Bethel Creek Campsite (Full Sun) The site is located about Mile 12.5. You can park on Hines Gap road and hike about .3 mile in or from Molly Hugger Hill Parking Lot it is still only about 1.5 miles or about 2 miles West of Dowdell Knob. This site is just of the trail (south of it) and like all sites it is marked with a wooden sign. The site was totally wiped out by the tornado that hit FDR State Park and the Pine Mountain Trail in late April 2011. The campsite reopened at the location as part of an Eagle Scout Project in March 2012.
Brown Dog Campsite Built in 1998 and is north of the trail just west of Mile 16 just east of the small waterfall near Brown Dog Bluff. Uphill past the entrance sign about 80 yards you find a nice flat area and three fire rings. There is ample wood all around the site. To get to Brown Dog Campsite you can hike in from the Dowdell Knob area east about 1.5 miles or park at Rocky Point Parking Lot and hike in west about 2.1 miles. You can also hike in from the Dowdell Knob Road on the Sawtooth Trail to the east end of it, then west on the PMT to just past Mile 16. The water source is the spring and waterfall mentioned above.
Sparks Creek Campsite Located in a bottom alongside Sparks Creek just west of Mile 17. To get there go east of Dowdell Knob about two miles, or west of Rocky Point Parking Lot just over a mile in. The hike from Rocky Point in is the best, as the trail comes down through the cliffs at Rocky Point and it is down hill all the way. Just west of Mile 17 the trail turns left and you cross Sparks Creek on stepping stones and the trail continues along the stream to the sign marking the campsite and a small wooden bridge. Cross the bridge and turn right and you will see three fire rings along the stream.
Sassafras Hill Campsite Most hike to the site starting in from the WJSP-TV tower and heading west on the trail some 4.6 miles to the site. You can also take a easy hike in from Rocky Point Parking Lot (cross Ga. 190 from the parking lot ) and head east some .4 of a mile. West, just before the site is small wooden bridge that you cross and continue uphill on the blue-blazed PMT to the site on the left. The site has several fire rings located on this large flat hill top. This is a large site and a favorite of scout units in the past but be aware it is NOT suggested for groups use now as there is no water at the present time west and east of the site for the last couple years (only some runoff water after a rain at times.) This camp is to considered a DRY camp and stove use is suggested. Due to lack of water nearby, be cautious: if you have a campfire here, you will need to be sure and have brought in enough water to drown the fire out.
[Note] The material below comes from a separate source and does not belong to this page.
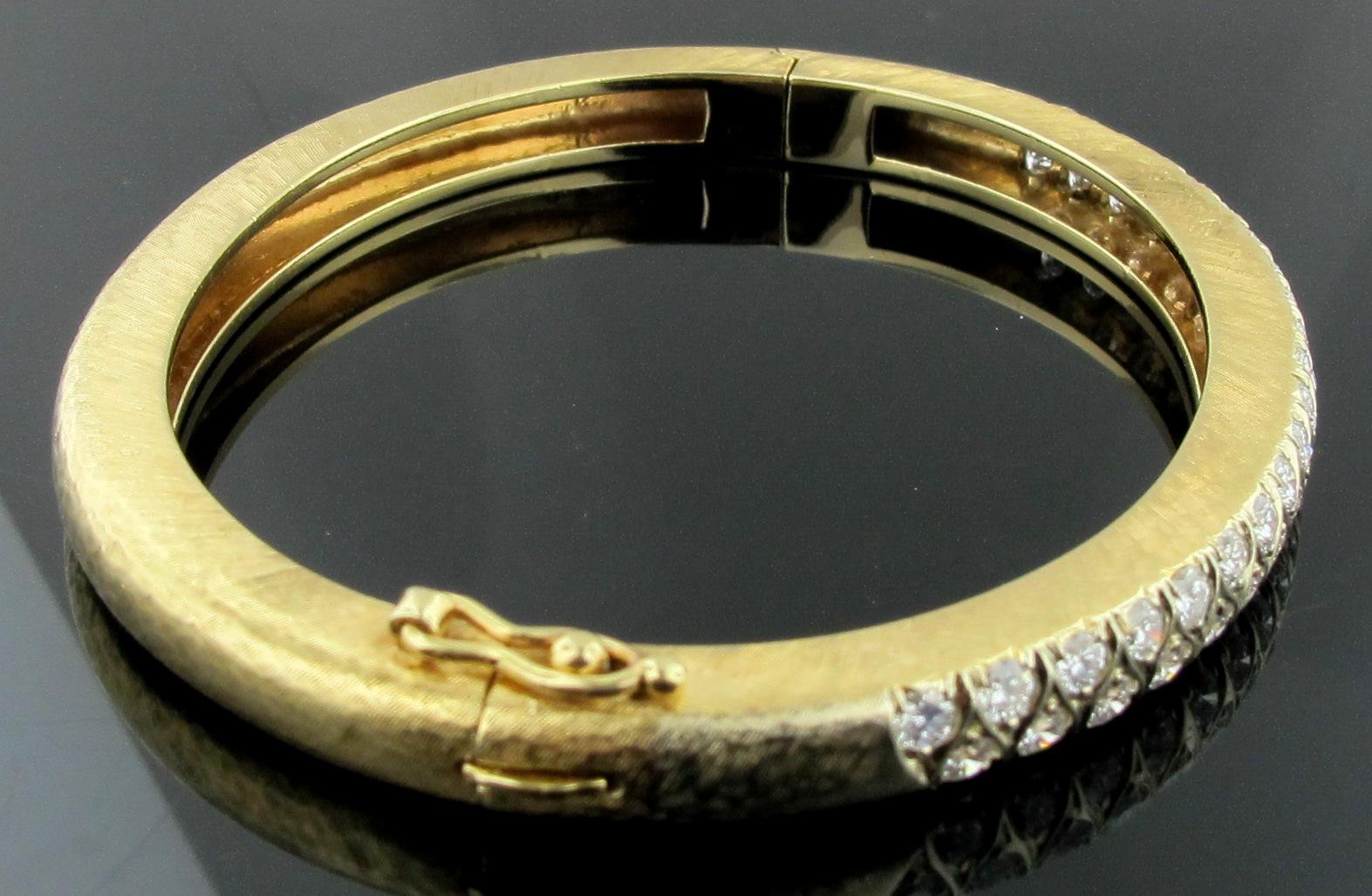 14 Karat Yellow Gold Bangle with 40 Diamonds In Excellent Condition In Palm Desert, CA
Old Sawmill Campsite Most people hike in to this large site from the WJSP-TV tower parking lot (about 2.7 miles) The hike in to Old Sawmill is one of the most scenic, with lots of varied hiking over water crossings and hills, past cliffs and waterfalls. At current time, there is not a lot of dead downed firewood for campfires at/near the camp. The site has ample water from a good sized stream near the entrance to the camp right by the trail.
Bumble Bee Ridge Campsite Most people hike in to this site from the WJSP-TV tower end of the trail. The site is located at the end of nice climb up a hill about 1.5 miles in from the WJSP-TV tower parking lot. The site has some large pine trees as cover. Water source is back down the trail at the bottom of the hill. Please stay on the marked blue-blazed trail in and near the campsite area when going for water.